▶ _ENTRIES PROVIDED_:
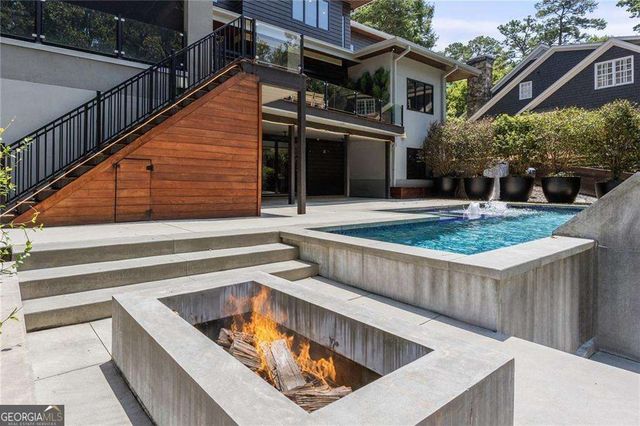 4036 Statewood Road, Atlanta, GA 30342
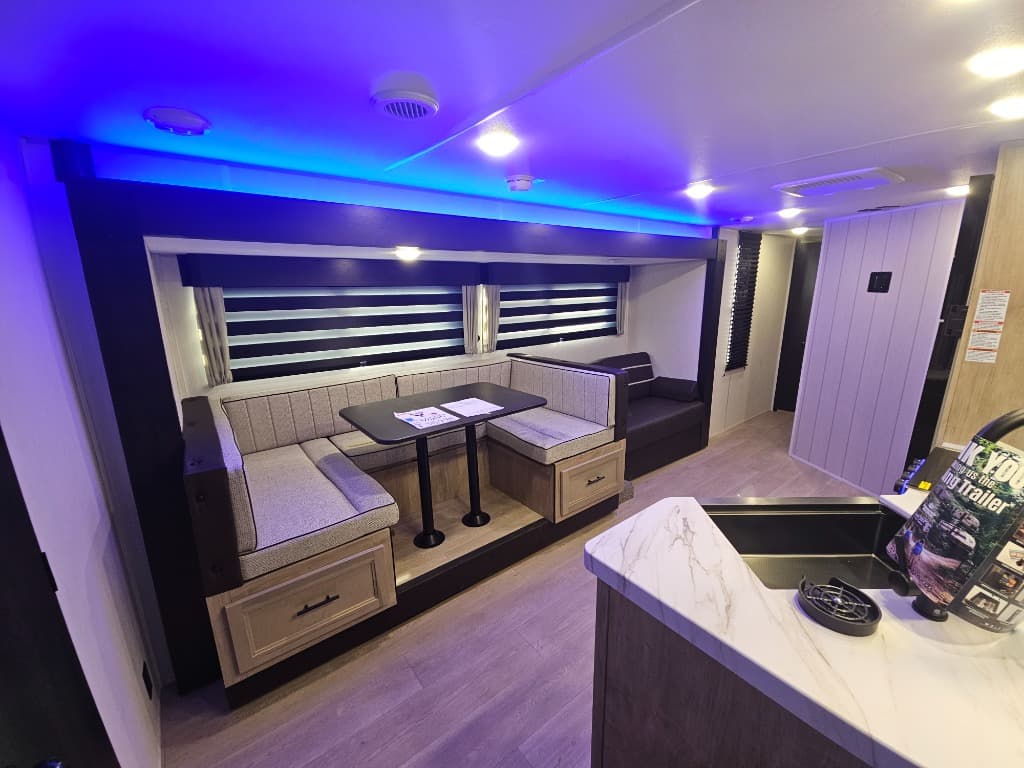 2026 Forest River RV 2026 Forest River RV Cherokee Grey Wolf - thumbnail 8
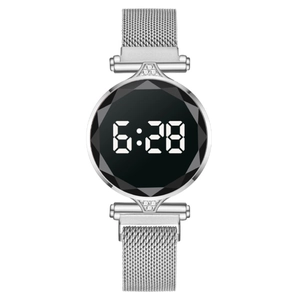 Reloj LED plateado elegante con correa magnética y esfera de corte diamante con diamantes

* * *

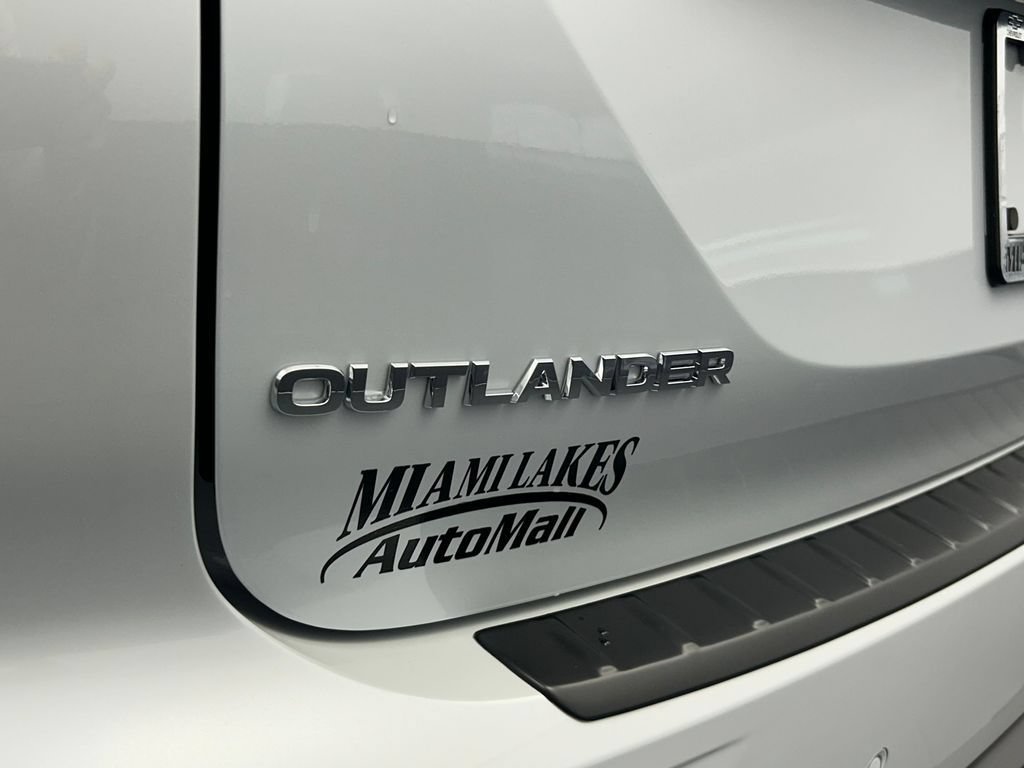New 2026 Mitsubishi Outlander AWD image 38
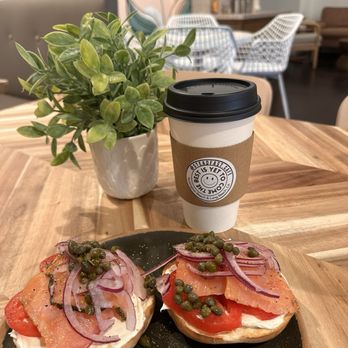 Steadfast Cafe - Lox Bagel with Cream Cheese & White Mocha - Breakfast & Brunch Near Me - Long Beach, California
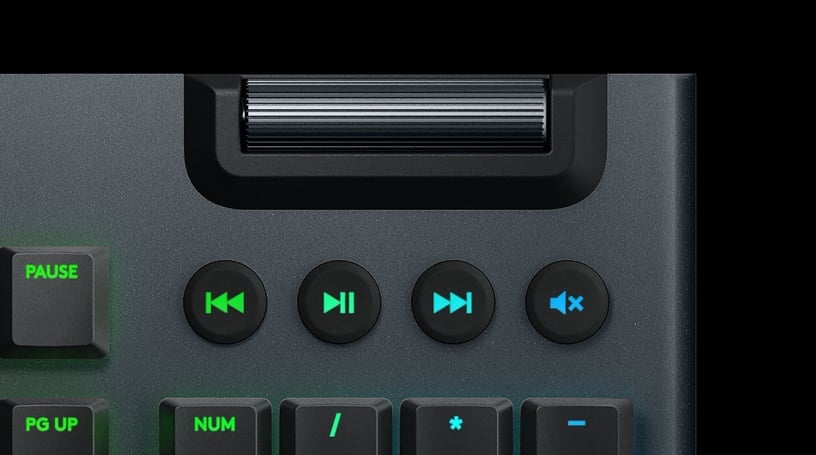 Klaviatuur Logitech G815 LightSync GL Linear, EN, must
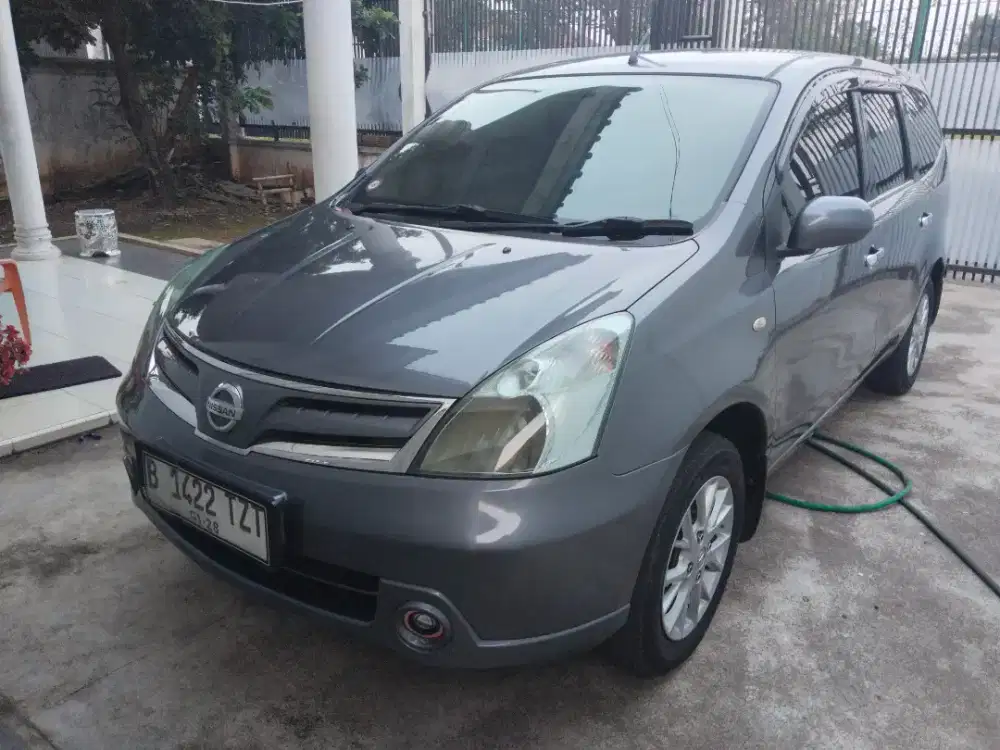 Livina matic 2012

---

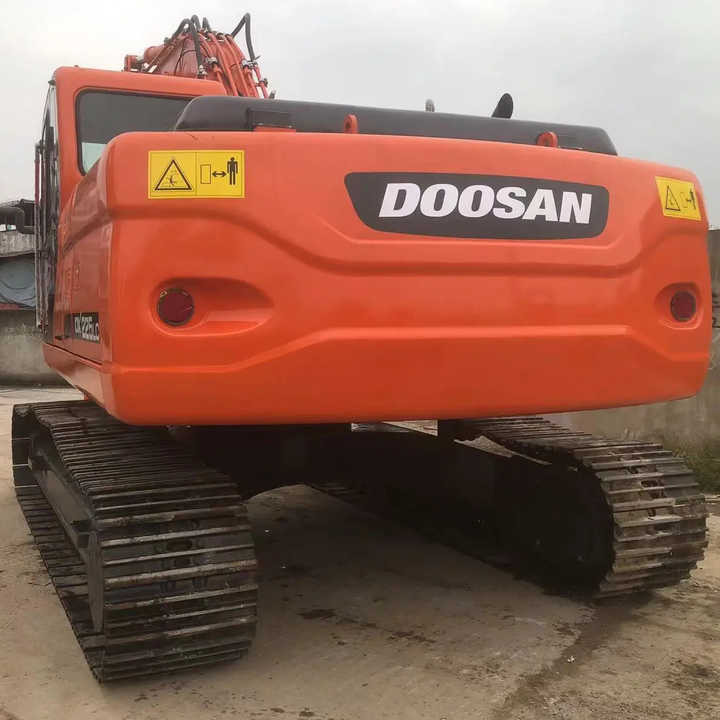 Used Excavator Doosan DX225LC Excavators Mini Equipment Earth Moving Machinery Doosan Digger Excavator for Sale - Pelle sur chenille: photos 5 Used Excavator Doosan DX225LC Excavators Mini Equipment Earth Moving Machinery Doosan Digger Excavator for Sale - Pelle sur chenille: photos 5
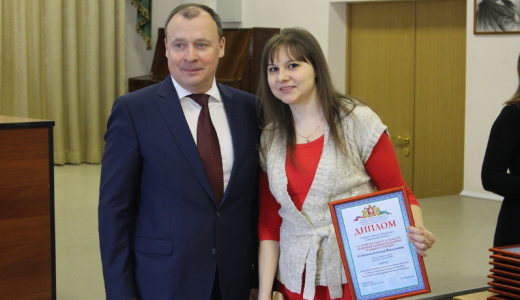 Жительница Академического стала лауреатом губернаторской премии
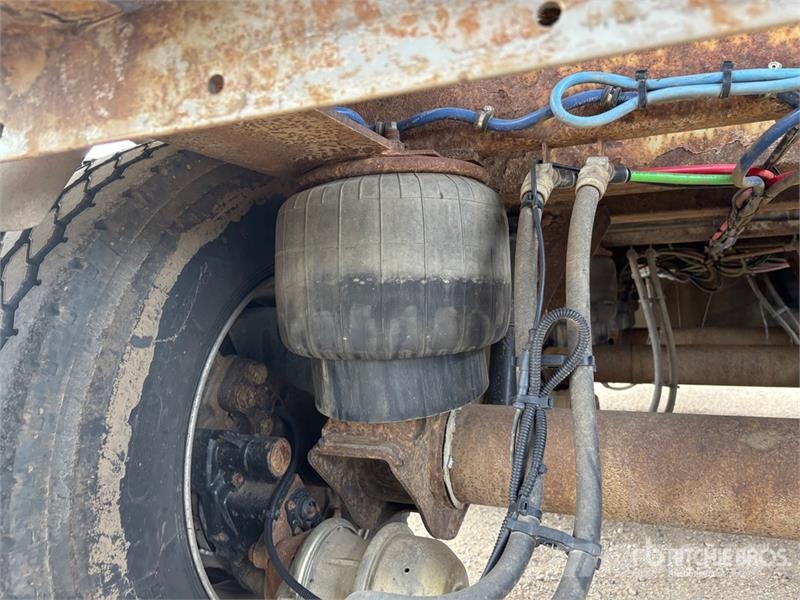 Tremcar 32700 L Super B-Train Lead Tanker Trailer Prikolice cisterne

▶ _ASSIGNMENT_: Using the records above, print exactly the lines between the ones containing "4036 Statewood Road, Atlanta, GA 30342" and "Reloj LED plateado", inclusive, and nothing else; no pictures.

▶ _ANSWER SECTION_:
 4036 Statewood Road, Atlanta, GA 30342
 2026 Forest River RV 2026 Forest River RV Cherokee Grey Wolf - thumbnail 8
 Reloj LED plateado elegante con correa magnética y esfera de corte diamante con diamantes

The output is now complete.